TV Review: The Last Man on Earth (3×13): “Find This Thing We Need To”

The worst episode of The Last Man on Earth since its nadir in the middle of the first season isn’t a result of lame humor or cliched writing, but from the epic pointlessness of the whole affair.

“Find This Thing We Need To” is a 22 minute slog with two plots that could have been completed in “Hair of the Dog” in five minutes (and would have made that episode a lot more rewarding to a watch in the process). The major plot of the episode goes absolutely nowhere. We don’t even get to find out who exactly it is under that Yoda mask.

The episode starts out with Carol showing the group a shadowy figure moving in the back of her pictures. This plot moves forward with beats that one would expect from Last Man at this point: Tandy, Carol and Erica find a cabin on the edge of their property where our mystery character has been living and scope it out in those absurd Christmas tree get-ups. When they get there, Erica and Carol note that the items in the house are hallmarks that a child has been living there (or, as Tandy notes in one of the few successful things in this episode, a Benjamin Button type).

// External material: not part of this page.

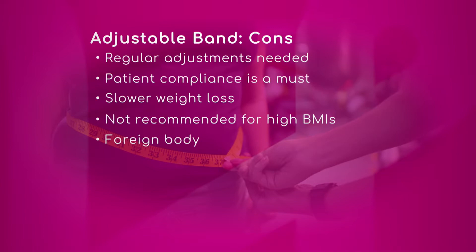Once Thanksgiving comes around they don't want to come in because they want to enjoy Thanksgiving and then Christmas, and now they've lost three months in a row where they haven't come and they're not going to get the full results. The weight loss is much slower, and they'll be comparing themselves to their cousin who had the bypass and their wife who had the sleeve, and they're not going to be happy.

Even though Tandy spends the night sleeping outside trying coerce the kid to show themselves, they never come out. An introduction right after Tandy’s sweet speech would have worked wonders for the episode’s pacing. Instead, all we get is the Yoda-masked figure popping out in the back of the characters’ car at the end.

By not revealing this character until next episode (or, even worse, the one after) only delays the inevitable and needlessly stretches out a plot that could have worked fine as a stand-alone plot. Instead, all it does is give the impression that writers have run out of ideas and are trying to spread out the four or five they have for the remaining episodes of the season. All this does is make for boring, pointless television with plot lines that overstay their welcome. The gags and standalone jokes are fine, but what The Last Man on Earth needs more than ever is focus and for at least one plot introduced in an episode being resolved by the end of it.

The B-plot fares a little better, but is still incredibly flawed. Todd and Gail try to get an uncooperative Melissa to reveal the name of the pill she took in Akron last episode. Melissa’s cryptic “Santa’s Penis” line is taken as a non-sequitur by the duo and they head over to a pharmacy. There, Gail loses the last remaining pill amongst their maybe pile. Todd is upset about Gail’s goof, but when she asks him to retrieve her accordion, he discovers the conditions of the cramped elevator where she was trapped for ten days and apologizes.

That sub-plot wraps up alright, but the actual B-plot has an ending that’s effectively a rare deus ex machina in a show that already operates on the suspension of disbelief: Gail discovers that one of their maybe drugs is Clozopine, and Melissa’s “Santa’s penis” retort was actually a weird clue to the identity of the drug. This whole running gag felt nonsensical, and the ending rushed. Not only that, but the show had already established that Erica could identify pills by sight, so it was also needless too. It would have been a good utilization of a heavily underused character, but heaven forbid the writers actually do anything plot-reliant with Cleopatra Coleman.

Find This Thing We Need To” is an extraordinarily lazy and disappointing piece of television that makes it seem like the show has run out of gas, even though it’s only a few weeks separated from two of the strongest episodes in the whole season. The Last Man on Earth has dug itself out of a hole before. It got unwatchably bad before it got consistently great, and it can do that same trick again. But before they get there, the writing staff needs to stop extending its plot arcs their breaking point because it’s killing all of the show’s forward momentum.